_ACTIVITY_. Excluding pictures, transcribe precisely the lines from the one containing "Hey, awesome guys." to the final line of the listing below, inclusive, and nothing more.

_GIVEN DATA_.
- - - - - - -
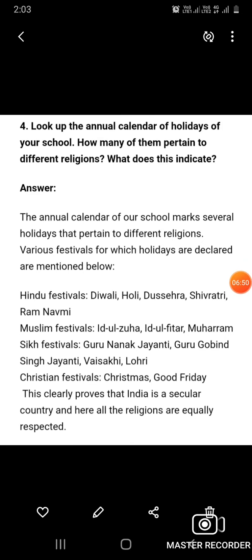Question number four: Look up the annual calendar of holidays of your school. How many of them pertain to different religions? What does this indicate? The annual calendar of our school marks several holidays pertaining to different religions. Hindu festivals: Diwali, Holi, Dasera, Shivratri, Ram Navami. Muslim festivals: Eid ul-Zuha, Eid ul-Fitr, Muharram. Sikh festivals: Guru Nanak Jayanti, Guru Gobind Singh Jayanti, Baisakhi, Lohri. Christian festivals: Christmas, Good Friday. This clearly proves that India is a secular country and all religions are equally respected.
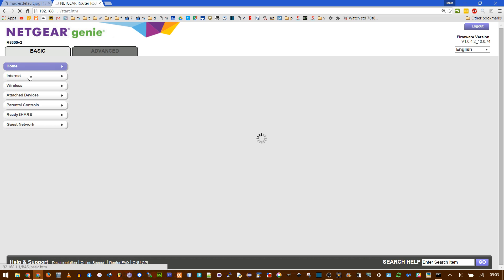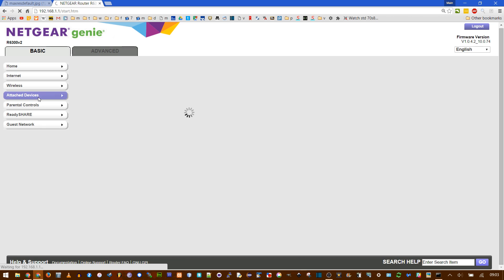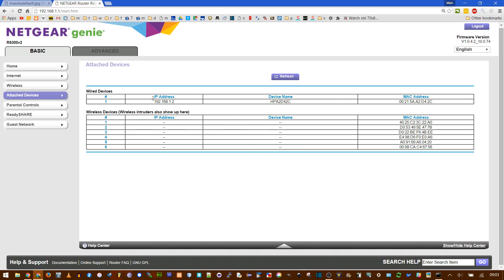You can also see the attached devices — so who's using your internet. This is the IP address of my computer, since there's only one thing connected, and any other devices would show up lower down.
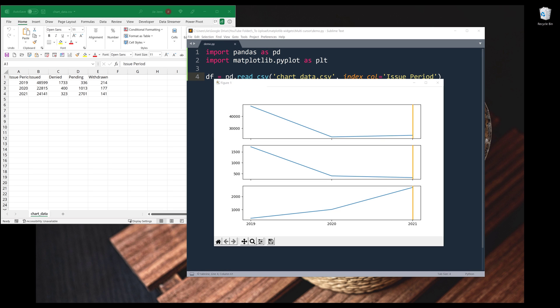Hey, awesome guys. In this video, I'm going to show you how to use the multi-cursor widget in matplotlib.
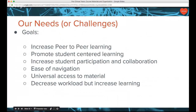Our goals when looking at a course management system were to increase peer-to-peer learning, promote student-centered learning, increase participation and collaboration, and look at ease of navigation, universal access to material, and decreasing workload while increasing learning. Many things already discussed — rubrics, Speed Grader, mobile-friendly design, and modules — we have all incorporated. We have been using Canvas for five years and the majority of instructors in this college use Canvas. Out of 270 full-time faculty, there are only about 10 that do not use Canvas in their courses.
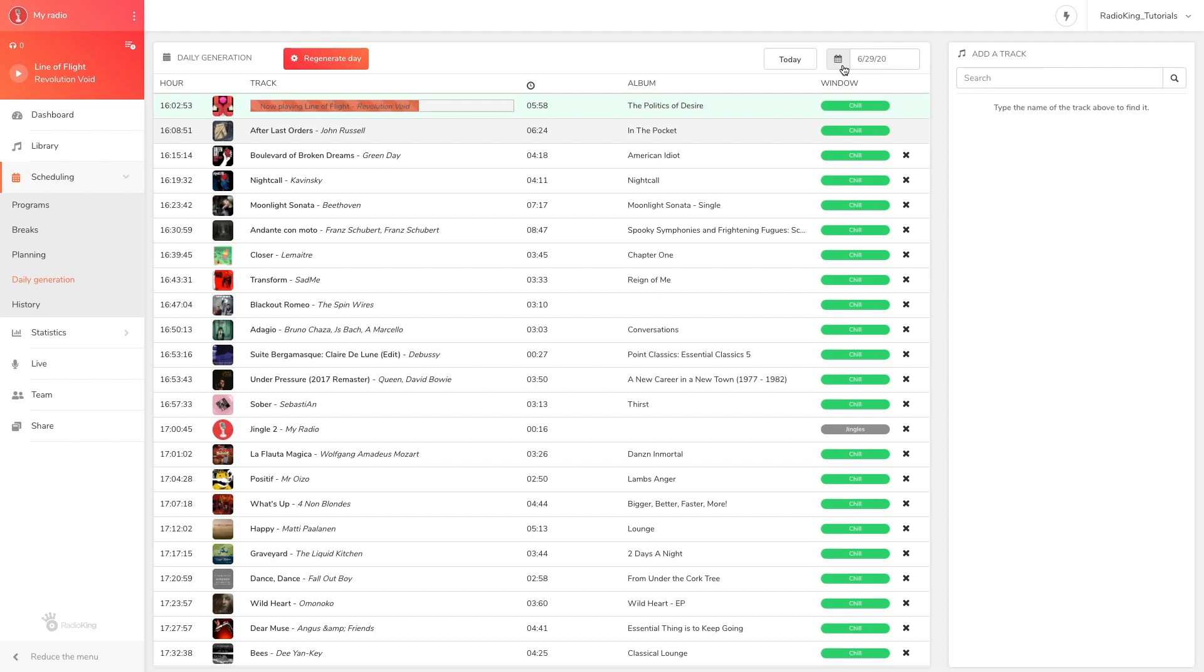If you modify the content of a day that has not yet been generated, there's no need for you to regenerate it, as the daily generation module automatically regenerates itself every day at midnight.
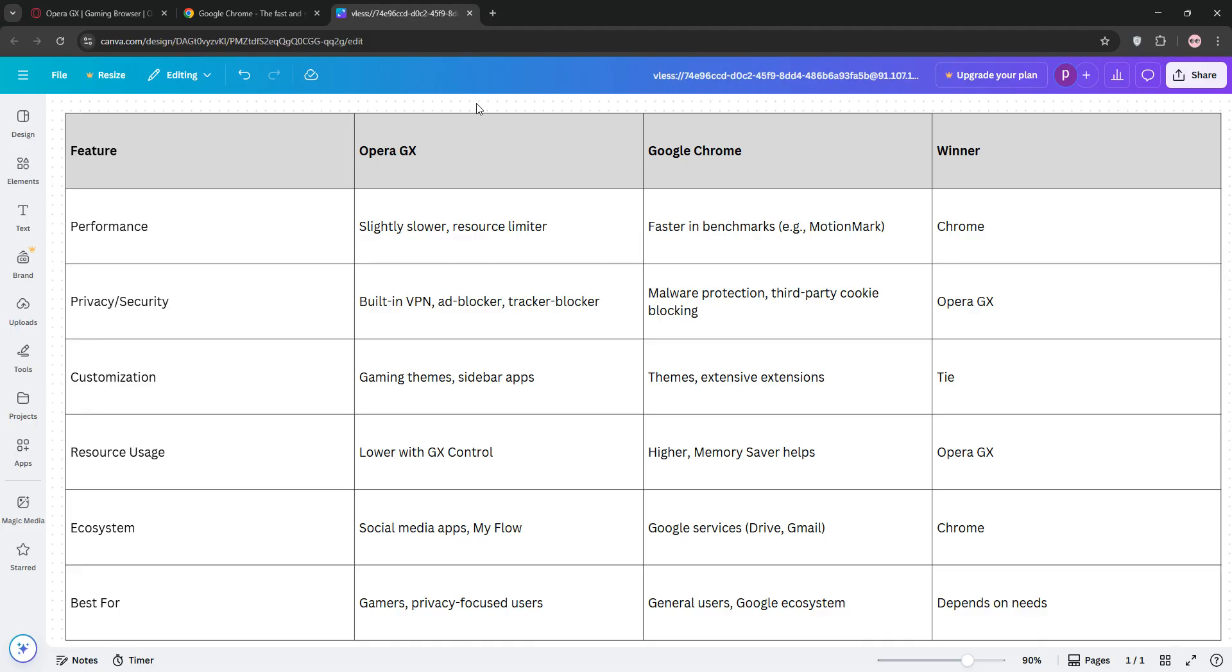It's also better for resource management, thanks to GX Control, making it great for gamers or low-spec PCs.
- - - - - - -
_PROBLEM SOLUTION_.
Hey, awesome guys. In this video, I'm going to show you how to use the multi-cursor widget in matplotlib.
Our goals when looking at a course management system were to increase peer-to-peer learning, promote student-centered learning, increase participation and collaboration, and look at ease of navigation, universal access to material, and decreasing workload while increasing learning. Many things already discussed — rubrics, Speed Grader, mobile-friendly design, and modules — we have all incorporated. We have been using Canvas for five years and the majority of instructors in this college use Canvas. Out of 270 full-time faculty, there are only about 10 that do not use Canvas in their courses.
If you modify the content of a day that has not yet been generated, there's no need for you to regenerate it, as the daily generation module automatically regenerates itself every day at midnight.
It's also better for resource management, thanks to GX Control, making it great for gamers or low-spec PCs.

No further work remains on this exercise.